What to Expect on a Site Visit

There are many stages to beginning in a new medical career, whether you are just out of education/training or are moving from one job to another. The first is trawling health job boards to find a suitable position, followed by having your application accepted. After that comes acing the interview and, finally, the contract negotiation and signing. In fact, there is another vitally important stage in there as well – the site visit to your new potential place of work. Ideally, you should always fully learn about a job before you take it up. You should therefore actually visit the medical institution where you are applying before making a final decision.

Health Jobs, a jobs board service for the healthcare sector, advises that any posting worth its salt will include, as part of the whole onboarding process, a site visit.

What is a Site Visit?

The clue is in the name – a site visit is a visit to the medical facility which you could potentially be joining. However, there is a little more to it than that. A site visit can sometimes be part of the interview itself, and a medical institution may be aiming to test you out in certain practical circumstances before accepting your application.

However, by the same token, a site visit could also mean a visit to a medical facility as a means of convincing you to join by showing what working life in that place is really like. In such circumstances, you need to be judicious about whether it is right for you.

Things to Expect on a Site Visit

The way to get the most out of a site visit – either to successfully convince your potential employers that you are right for the job or as a means of gathering your own information and making a decision – is to know what to expect and how the site visit will proceed. If you go into it blind, you could simply find the whole experience a bit confusing.

A Preliminary Phone Call

Before your site visit, you might well have had a preliminary phone call with the staff of the institution. These might not be the same people who are interviewing you so this should serve as your chance to find out the most basic information about the place. This allows you to get that out of the way first and then make the most of the actual visit itself.

The Importance of First Impressions

When you arrive at the place, you will need to make a good first impression. Arrive early and be well-dressed and be sure you are armed with a good deal of information about the institution. You will have to impress at this point, so treat it like an interview.

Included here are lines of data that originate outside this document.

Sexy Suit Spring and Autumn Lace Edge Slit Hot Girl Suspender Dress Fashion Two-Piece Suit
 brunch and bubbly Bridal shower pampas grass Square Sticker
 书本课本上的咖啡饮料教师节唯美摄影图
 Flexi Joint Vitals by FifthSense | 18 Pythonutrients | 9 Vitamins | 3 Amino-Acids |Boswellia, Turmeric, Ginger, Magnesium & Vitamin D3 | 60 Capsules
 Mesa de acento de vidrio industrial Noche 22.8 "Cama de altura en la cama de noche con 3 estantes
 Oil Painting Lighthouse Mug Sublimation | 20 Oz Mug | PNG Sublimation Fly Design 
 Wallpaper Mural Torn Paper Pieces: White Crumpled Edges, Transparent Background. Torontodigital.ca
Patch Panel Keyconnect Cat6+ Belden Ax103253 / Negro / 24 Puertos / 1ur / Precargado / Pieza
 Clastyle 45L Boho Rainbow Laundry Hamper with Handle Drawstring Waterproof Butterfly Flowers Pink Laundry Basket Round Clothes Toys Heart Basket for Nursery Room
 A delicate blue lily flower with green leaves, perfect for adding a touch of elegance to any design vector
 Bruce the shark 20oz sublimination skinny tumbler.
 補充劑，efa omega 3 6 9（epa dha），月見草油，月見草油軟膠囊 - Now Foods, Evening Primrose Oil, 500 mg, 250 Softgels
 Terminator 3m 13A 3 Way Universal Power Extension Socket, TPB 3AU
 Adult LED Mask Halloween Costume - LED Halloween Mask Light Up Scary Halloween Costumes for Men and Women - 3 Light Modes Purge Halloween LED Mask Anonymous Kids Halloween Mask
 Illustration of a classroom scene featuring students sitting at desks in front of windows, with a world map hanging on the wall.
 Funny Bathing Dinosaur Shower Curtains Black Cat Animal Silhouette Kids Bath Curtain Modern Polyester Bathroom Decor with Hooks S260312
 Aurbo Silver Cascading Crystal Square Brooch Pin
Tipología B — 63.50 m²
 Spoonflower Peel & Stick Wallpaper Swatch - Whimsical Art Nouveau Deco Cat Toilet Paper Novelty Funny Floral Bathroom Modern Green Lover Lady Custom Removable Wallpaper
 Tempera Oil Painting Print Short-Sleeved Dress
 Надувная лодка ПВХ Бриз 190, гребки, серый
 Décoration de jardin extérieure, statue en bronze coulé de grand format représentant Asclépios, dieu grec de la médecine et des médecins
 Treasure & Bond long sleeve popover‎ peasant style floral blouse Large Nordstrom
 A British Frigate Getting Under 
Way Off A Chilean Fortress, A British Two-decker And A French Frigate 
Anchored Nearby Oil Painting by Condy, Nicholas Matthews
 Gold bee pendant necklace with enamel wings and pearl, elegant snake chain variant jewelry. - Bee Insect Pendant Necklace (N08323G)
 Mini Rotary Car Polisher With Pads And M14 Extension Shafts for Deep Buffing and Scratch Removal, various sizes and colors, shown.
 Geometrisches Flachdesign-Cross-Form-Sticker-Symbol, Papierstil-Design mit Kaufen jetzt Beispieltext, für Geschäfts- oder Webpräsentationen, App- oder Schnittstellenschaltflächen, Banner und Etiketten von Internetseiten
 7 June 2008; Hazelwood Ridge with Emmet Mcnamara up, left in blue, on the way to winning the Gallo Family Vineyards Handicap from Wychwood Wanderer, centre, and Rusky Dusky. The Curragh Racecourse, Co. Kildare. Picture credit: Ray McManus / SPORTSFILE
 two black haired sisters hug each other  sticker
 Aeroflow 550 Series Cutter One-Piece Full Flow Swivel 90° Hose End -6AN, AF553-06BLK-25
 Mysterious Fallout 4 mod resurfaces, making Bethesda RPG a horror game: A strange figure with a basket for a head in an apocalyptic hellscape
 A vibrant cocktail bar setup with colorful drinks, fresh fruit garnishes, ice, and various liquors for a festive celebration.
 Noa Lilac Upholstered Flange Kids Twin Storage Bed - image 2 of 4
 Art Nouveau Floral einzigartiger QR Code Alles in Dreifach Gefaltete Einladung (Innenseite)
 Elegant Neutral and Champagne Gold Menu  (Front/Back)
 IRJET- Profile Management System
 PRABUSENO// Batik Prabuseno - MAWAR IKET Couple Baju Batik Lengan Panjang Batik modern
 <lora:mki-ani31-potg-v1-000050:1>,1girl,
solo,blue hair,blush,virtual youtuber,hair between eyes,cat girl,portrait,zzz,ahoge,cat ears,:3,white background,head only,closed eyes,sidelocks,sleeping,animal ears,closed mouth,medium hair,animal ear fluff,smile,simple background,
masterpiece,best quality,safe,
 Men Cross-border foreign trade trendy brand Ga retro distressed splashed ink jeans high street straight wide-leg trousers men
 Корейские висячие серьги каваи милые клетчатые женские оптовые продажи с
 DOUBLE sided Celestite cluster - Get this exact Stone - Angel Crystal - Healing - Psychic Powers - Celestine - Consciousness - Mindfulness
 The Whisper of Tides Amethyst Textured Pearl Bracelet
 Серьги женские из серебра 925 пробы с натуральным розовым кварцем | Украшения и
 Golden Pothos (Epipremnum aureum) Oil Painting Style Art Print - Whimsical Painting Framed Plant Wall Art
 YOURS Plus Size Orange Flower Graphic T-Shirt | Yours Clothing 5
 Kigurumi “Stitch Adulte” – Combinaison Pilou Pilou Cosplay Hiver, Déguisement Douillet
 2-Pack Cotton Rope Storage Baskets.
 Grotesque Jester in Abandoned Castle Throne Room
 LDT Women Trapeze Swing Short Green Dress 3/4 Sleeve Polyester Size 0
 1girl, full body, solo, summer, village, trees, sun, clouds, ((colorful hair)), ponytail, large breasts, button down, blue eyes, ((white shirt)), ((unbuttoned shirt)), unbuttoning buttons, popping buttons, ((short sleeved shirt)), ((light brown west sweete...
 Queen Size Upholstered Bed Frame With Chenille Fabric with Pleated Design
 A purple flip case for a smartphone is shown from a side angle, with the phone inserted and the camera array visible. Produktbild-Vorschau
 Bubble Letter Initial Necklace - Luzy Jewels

A Chance to Explore the City

If you are moving for your job, then you also need to consider how you are going to live close by to the institution. This means finding a house and learning about the city where the institution is located. This could be part of the site visit too.

A Presentation by the Staff

Another reason for the site visit is to allow the people who actually work there or who administer it to show you around and tell you about the institution. Accordingly, you should not be overly chatty and allow the staff or administrators to present to you the facility, its vision, and its culture.

Ultimately, you go on a site visit to appraise, to learn, and to be appraised yourself. At the most general level, those are the three things you need to get right.